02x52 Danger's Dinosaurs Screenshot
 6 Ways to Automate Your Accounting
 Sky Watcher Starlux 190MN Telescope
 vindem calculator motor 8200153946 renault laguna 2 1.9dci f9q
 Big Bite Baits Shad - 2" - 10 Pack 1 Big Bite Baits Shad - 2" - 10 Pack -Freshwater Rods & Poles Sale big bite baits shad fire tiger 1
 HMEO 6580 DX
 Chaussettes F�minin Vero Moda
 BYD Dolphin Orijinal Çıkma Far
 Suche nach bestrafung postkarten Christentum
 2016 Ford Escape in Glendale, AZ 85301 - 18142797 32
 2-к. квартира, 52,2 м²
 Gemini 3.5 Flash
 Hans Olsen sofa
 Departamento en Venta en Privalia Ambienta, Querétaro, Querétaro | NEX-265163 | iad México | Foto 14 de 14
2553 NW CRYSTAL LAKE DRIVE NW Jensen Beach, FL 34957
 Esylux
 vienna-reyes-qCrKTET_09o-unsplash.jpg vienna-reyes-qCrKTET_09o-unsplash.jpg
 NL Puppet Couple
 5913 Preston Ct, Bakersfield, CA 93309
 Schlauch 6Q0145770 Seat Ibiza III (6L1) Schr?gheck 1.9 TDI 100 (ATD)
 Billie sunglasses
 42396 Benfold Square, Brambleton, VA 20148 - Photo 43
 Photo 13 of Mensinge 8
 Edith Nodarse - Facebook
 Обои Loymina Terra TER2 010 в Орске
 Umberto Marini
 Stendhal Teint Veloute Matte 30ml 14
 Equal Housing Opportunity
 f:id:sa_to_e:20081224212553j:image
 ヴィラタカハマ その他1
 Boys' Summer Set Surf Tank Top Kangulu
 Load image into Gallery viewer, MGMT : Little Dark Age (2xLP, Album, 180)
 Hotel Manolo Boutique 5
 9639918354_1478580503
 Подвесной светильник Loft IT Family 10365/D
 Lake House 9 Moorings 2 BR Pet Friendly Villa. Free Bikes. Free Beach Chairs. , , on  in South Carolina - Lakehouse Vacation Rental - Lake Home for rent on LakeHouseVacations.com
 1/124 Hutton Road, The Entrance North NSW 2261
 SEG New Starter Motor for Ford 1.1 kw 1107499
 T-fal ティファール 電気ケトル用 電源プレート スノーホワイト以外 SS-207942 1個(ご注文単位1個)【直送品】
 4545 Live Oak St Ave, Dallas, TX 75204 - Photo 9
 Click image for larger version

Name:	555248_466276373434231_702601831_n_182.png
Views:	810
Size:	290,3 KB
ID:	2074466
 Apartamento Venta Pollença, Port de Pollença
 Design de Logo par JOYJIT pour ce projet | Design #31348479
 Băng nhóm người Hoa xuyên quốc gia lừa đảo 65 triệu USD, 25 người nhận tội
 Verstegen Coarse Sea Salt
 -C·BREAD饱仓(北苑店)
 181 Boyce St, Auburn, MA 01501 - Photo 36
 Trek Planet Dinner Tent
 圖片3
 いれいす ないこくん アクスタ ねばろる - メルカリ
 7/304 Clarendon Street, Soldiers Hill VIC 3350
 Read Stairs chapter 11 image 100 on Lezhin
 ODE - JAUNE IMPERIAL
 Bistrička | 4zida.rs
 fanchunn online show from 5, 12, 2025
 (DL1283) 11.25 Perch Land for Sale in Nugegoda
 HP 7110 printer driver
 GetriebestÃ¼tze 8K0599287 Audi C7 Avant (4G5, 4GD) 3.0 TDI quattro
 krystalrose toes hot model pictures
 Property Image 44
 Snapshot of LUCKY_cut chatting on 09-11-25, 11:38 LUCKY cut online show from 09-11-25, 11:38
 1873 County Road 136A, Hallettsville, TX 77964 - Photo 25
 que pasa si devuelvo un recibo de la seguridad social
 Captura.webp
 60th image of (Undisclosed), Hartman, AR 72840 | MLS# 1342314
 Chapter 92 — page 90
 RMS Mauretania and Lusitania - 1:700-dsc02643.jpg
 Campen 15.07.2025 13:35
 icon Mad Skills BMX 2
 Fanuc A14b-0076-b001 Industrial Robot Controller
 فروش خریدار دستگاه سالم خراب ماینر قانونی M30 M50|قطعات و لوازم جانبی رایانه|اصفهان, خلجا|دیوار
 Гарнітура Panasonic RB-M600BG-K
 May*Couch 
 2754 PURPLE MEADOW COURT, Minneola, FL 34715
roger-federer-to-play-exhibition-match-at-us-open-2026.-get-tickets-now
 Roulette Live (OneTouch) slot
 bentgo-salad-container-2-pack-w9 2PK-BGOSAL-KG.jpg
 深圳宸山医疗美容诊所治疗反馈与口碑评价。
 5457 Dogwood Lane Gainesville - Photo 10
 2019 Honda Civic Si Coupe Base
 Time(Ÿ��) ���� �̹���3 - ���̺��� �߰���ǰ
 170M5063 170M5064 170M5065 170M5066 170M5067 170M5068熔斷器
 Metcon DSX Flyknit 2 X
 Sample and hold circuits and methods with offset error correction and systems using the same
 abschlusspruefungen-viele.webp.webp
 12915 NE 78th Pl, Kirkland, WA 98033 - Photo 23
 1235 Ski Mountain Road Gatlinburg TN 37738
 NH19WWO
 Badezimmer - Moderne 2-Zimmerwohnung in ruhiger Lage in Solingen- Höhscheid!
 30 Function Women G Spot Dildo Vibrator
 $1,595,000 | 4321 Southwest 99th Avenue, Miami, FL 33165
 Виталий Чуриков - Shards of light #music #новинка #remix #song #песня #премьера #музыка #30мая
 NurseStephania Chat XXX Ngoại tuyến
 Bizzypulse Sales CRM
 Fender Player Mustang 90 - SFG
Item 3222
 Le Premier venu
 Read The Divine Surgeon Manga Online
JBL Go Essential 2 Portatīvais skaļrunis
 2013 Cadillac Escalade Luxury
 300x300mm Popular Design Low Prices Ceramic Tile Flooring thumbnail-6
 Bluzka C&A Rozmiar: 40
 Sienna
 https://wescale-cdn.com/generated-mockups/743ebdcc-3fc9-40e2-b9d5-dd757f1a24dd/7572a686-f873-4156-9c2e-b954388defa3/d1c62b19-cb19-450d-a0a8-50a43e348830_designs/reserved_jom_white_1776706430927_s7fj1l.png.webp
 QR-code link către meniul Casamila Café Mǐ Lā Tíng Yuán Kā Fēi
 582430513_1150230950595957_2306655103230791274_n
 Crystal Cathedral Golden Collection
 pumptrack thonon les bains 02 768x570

§ §

- **WORK INSTRUCTIONS**: Find every line of the data that includes the string "webp". Copy each of those lines.

- **OUTPUT**:
 Captura.webp
 abschlusspruefungen-viele.webp.webp
 https://wescale-cdn.com/generated-mockups/743ebdcc-3fc9-40e2-b9d5-dd757f1a24dd/7572a686-f873-4156-9c2e-b954388defa3/d1c62b19-cb19-450d-a0a8-50a43e348830_designs/reserved_jom_white_1776706430927_s7fj1l.png.webp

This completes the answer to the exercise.